Presiden Joko “Jokowi” Widodo menegaskan, tidak ada tempat bagi kelompok intoleran di Indonesia, sementara polisi mengungkapkan bahwa pelaku penyerangan Gereja Santa Lidwina di Kabupaten Sleman, Daerah Istimewa Yogyakarta (DIY), diduga terpengaruh paham radikal dan pernah ingin berangkat ke Suriah.

"Tidak ada tempat bagi mereka yang tidak mampu bertoleransi di negara kita, Indonesia. Apalagi dengan cara-cara kekerasan. Berujar saja tidak, apalagi dengan kekerasan," kata Jokowi kepada wartawan di Kementerian Luar Negeri, Jakarta, Senin, 12 Februari 2018.

Dia mengaku telah menginstruksikan Kapolri untuk menindak tegas pelaku intoleransi.
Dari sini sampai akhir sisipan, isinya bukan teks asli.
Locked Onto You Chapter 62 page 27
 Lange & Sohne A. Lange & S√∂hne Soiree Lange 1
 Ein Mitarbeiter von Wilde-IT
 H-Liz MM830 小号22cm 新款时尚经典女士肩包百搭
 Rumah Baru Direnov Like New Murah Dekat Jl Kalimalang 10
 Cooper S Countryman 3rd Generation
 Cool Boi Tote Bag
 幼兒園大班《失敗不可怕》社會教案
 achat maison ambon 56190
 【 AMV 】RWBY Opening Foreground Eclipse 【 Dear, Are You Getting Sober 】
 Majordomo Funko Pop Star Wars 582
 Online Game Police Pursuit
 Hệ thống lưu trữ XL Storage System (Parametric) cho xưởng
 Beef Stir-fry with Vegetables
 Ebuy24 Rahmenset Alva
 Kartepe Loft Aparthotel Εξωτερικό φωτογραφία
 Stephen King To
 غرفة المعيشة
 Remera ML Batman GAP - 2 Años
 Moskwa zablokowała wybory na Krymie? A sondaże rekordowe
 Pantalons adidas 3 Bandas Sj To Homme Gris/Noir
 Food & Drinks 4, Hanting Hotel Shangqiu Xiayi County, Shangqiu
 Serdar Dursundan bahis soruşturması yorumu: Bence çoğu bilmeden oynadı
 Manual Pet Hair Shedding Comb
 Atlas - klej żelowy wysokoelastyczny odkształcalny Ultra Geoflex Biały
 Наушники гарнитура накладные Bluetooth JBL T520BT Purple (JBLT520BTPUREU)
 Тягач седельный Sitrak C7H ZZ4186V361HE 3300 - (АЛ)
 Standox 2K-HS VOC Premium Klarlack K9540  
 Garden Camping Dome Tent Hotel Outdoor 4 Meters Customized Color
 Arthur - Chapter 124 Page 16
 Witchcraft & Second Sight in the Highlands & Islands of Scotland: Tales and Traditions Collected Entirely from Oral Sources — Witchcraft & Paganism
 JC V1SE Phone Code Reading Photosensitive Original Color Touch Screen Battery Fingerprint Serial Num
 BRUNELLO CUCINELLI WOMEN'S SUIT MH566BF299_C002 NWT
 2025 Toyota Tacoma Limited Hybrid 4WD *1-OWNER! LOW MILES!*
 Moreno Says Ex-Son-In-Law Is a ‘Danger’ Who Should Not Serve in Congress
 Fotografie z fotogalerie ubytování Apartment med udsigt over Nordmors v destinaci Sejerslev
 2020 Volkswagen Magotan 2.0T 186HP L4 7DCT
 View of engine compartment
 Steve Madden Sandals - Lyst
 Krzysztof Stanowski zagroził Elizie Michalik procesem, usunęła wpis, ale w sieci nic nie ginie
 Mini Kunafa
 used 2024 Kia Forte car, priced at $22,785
"Masyarakat kita ini sudah puluhan tahun hidup bersama dengan pemeluk keyakinan yang beragam dan berbeda-beda," ujar Jokowi.

Pernyataannya disampaikan sehari setelah terjadi serangan terhadap Gereja Santa Lidwina oleh seseorang bersenjatakan pedang.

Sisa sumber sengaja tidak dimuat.